"""

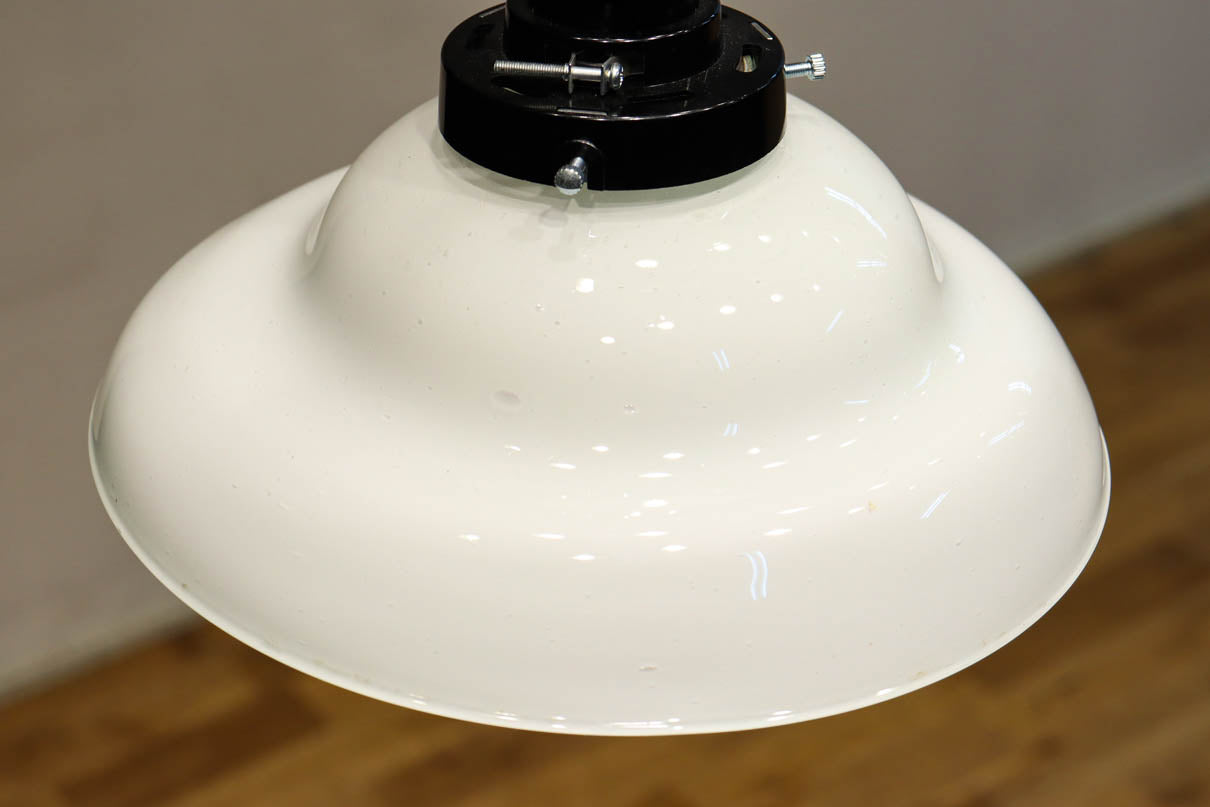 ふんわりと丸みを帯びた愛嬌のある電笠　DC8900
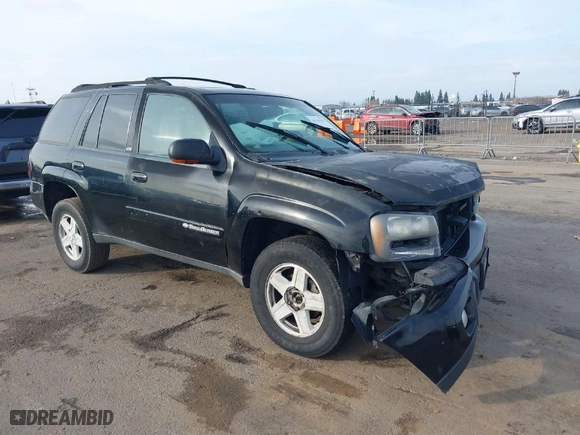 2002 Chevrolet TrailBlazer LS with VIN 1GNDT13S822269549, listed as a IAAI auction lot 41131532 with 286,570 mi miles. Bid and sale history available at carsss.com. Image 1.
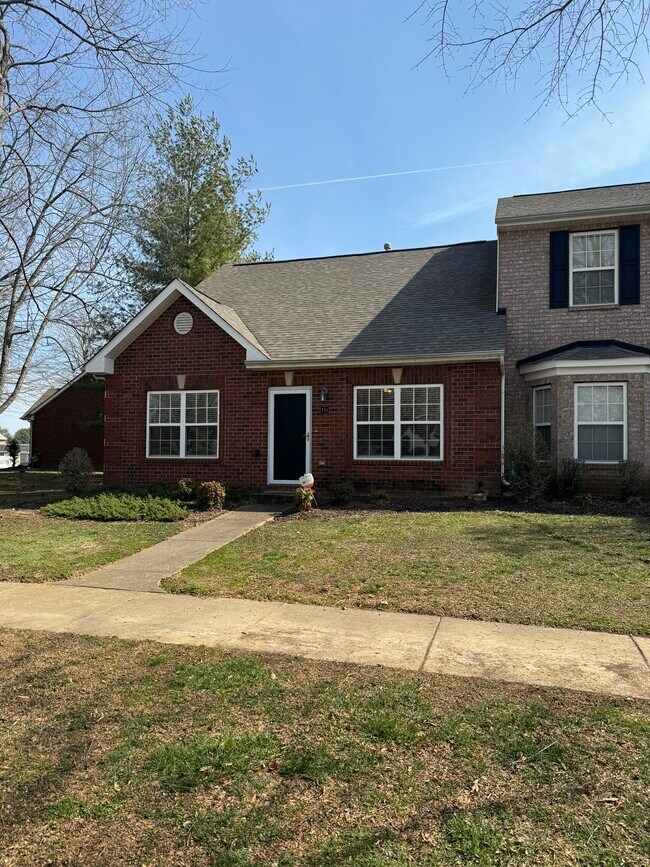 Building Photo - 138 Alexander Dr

"""
"""

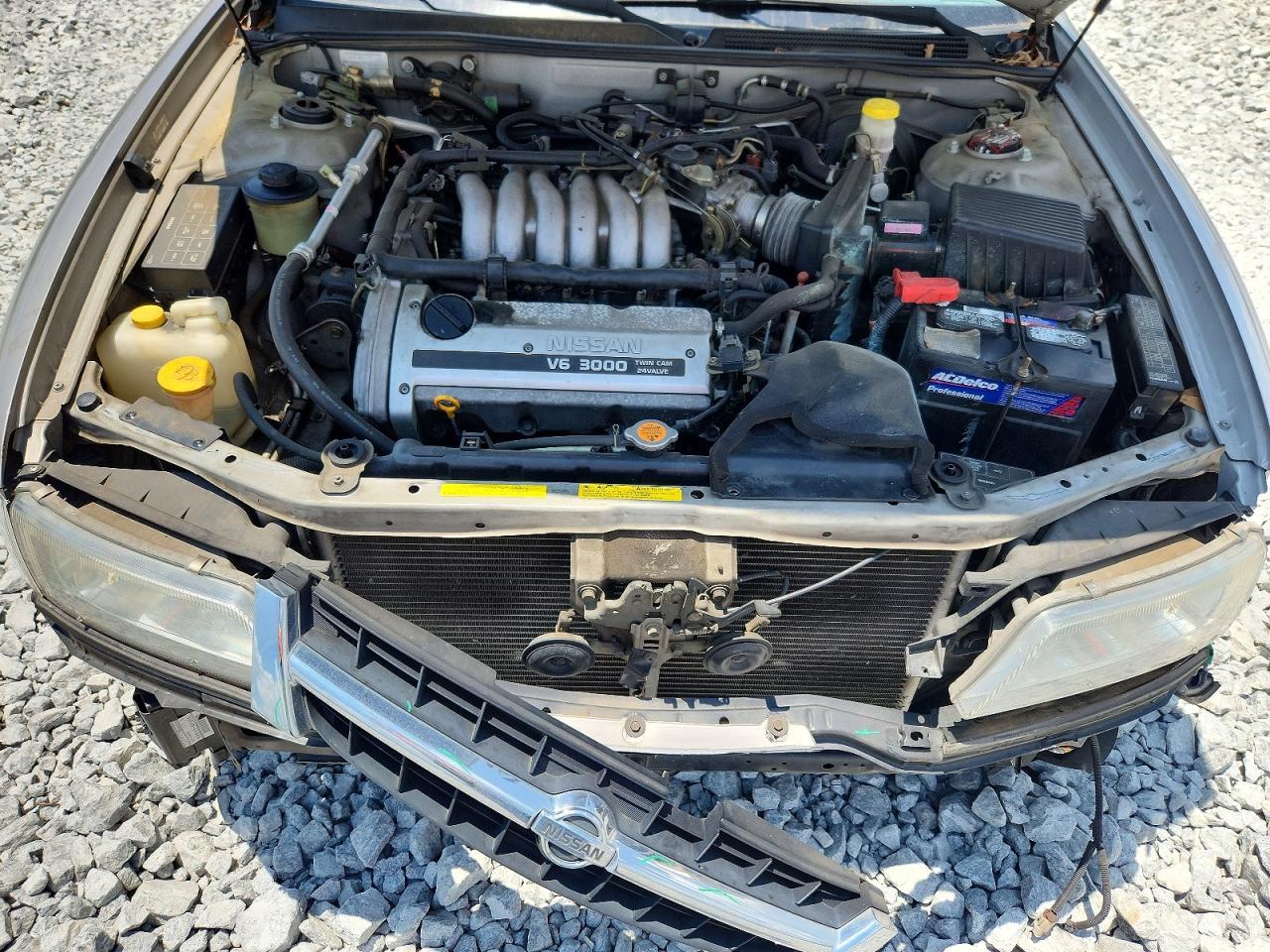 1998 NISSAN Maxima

"""
"""

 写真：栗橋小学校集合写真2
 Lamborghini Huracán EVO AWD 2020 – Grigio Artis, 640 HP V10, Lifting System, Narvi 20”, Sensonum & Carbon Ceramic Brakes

"""

> **Your task**: In the records above, find the line with "写真：栗橋小学校集合写真2"; write out exactly that line and each one after it, stopping after the line with "Lamborghini Huracán EVO".

> **Solution to this exercise**:
 写真：栗橋小学校集合写真2
 Lamborghini Huracán EVO AWD 2020 – Grigio Artis, 640 HP V10, Lifting System, Narvi 20”, Sensonum & Carbon Ceramic Brakes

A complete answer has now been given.